• [EXERCISE DIRECTIONS]: Print, in exact form, the lines below from the one containing "basil paneer pizza" through the one containing "飘花大圈口手镯 底子细腻 花色灵动", and omit all others.

### MATERIAL PROVIDED ###

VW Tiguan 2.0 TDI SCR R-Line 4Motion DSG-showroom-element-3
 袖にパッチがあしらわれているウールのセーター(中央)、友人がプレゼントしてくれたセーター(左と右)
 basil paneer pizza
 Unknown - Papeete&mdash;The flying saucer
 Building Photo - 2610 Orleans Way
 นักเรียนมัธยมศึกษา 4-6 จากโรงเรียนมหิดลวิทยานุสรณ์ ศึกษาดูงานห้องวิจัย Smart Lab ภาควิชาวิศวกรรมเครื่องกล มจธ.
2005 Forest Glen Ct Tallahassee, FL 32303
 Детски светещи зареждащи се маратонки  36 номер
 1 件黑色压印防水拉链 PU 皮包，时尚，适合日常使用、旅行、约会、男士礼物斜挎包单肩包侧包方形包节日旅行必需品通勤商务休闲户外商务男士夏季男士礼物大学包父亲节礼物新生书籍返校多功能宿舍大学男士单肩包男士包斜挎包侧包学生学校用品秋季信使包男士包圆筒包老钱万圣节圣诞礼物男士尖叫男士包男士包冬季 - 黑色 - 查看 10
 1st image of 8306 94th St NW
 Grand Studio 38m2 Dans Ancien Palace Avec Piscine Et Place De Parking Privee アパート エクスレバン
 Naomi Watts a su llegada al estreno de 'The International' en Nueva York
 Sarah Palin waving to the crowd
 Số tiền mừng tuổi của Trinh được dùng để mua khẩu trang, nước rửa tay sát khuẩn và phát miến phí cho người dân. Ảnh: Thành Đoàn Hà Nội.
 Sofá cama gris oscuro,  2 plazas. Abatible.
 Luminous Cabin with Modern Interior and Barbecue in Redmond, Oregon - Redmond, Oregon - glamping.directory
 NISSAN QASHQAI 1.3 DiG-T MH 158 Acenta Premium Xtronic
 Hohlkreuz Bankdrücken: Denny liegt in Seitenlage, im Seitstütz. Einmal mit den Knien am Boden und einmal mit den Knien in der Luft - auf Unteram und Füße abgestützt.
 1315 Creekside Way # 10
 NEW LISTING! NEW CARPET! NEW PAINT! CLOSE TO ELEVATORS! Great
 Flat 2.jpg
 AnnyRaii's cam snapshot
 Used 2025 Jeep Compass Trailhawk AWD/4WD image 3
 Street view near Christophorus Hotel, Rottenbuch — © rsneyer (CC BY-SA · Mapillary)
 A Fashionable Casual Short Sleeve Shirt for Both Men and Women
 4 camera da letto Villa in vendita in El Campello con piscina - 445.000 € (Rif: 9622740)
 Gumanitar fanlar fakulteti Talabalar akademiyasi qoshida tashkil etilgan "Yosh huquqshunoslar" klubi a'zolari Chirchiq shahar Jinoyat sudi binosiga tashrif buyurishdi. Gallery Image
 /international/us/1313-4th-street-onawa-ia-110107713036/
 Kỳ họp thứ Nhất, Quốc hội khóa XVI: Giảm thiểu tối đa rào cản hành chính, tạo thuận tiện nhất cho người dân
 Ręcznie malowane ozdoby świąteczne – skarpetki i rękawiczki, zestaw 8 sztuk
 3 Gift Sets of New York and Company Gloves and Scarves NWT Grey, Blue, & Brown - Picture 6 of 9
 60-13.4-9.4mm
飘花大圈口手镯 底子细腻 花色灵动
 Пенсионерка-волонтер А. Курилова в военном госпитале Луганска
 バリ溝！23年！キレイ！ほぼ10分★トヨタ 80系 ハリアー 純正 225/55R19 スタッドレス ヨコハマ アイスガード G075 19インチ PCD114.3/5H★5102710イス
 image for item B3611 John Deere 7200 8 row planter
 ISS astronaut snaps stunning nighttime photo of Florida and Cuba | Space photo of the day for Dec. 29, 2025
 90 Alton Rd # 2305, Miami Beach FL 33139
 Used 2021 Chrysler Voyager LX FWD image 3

###

• [ANSWER TO THE PROBLEM]:
 basil paneer pizza
 Unknown - Papeete&mdash;The flying saucer
 Building Photo - 2610 Orleans Way
 นักเรียนมัธยมศึกษา 4-6 จากโรงเรียนมหิดลวิทยานุสรณ์ ศึกษาดูงานห้องวิจัย Smart Lab ภาควิชาวิศวกรรมเครื่องกล มจธ.
2005 Forest Glen Ct Tallahassee, FL 32303
 Детски светещи зареждащи се маратонки  36 номер
 1 件黑色压印防水拉链 PU 皮包，时尚，适合日常使用、旅行、约会、男士礼物斜挎包单肩包侧包方形包节日旅行必需品通勤商务休闲户外商务男士夏季男士礼物大学包父亲节礼物新生书籍返校多功能宿舍大学男士单肩包男士包斜挎包侧包学生学校用品秋季信使包男士包圆筒包老钱万圣节圣诞礼物男士尖叫男士包男士包冬季 - 黑色 - 查看 10
 1st image of 8306 94th St NW
 Grand Studio 38m2 Dans Ancien Palace Avec Piscine Et Place De Parking Privee アパート エクスレバン
 Naomi Watts a su llegada al estreno de 'The International' en Nueva York
 Sarah Palin waving to the crowd
 Số tiền mừng tuổi của Trinh được dùng để mua khẩu trang, nước rửa tay sát khuẩn và phát miến phí cho người dân. Ảnh: Thành Đoàn Hà Nội.
 Sofá cama gris oscuro,  2 plazas. Abatible.
 Luminous Cabin with Modern Interior and Barbecue in Redmond, Oregon - Redmond, Oregon - glamping.directory
 NISSAN QASHQAI 1.3 DiG-T MH 158 Acenta Premium Xtronic
 Hohlkreuz Bankdrücken: Denny liegt in Seitenlage, im Seitstütz. Einmal mit den Knien am Boden und einmal mit den Knien in der Luft - auf Unteram und Füße abgestützt.
 1315 Creekside Way # 10
 NEW LISTING! NEW CARPET! NEW PAINT! CLOSE TO ELEVATORS! Great
 Flat 2.jpg
 AnnyRaii's cam snapshot
 Used 2025 Jeep Compass Trailhawk AWD/4WD image 3
 Street view near Christophorus Hotel, Rottenbuch — © rsneyer (CC BY-SA · Mapillary)
 A Fashionable Casual Short Sleeve Shirt for Both Men and Women
 4 camera da letto Villa in vendita in El Campello con piscina - 445.000 € (Rif: 9622740)
 Gumanitar fanlar fakulteti Talabalar akademiyasi qoshida tashkil etilgan "Yosh huquqshunoslar" klubi a'zolari Chirchiq shahar Jinoyat sudi binosiga tashrif buyurishdi. Gallery Image
 /international/us/1313-4th-street-onawa-ia-110107713036/
 Kỳ họp thứ Nhất, Quốc hội khóa XVI: Giảm thiểu tối đa rào cản hành chính, tạo thuận tiện nhất cho người dân
 Ręcznie malowane ozdoby świąteczne – skarpetki i rękawiczki, zestaw 8 sztuk
 3 Gift Sets of New York and Company Gloves and Scarves NWT Grey, Blue, & Brown - Picture 6 of 9
 60-13.4-9.4mm
飘花大圈口手镯 底子细腻 花色灵动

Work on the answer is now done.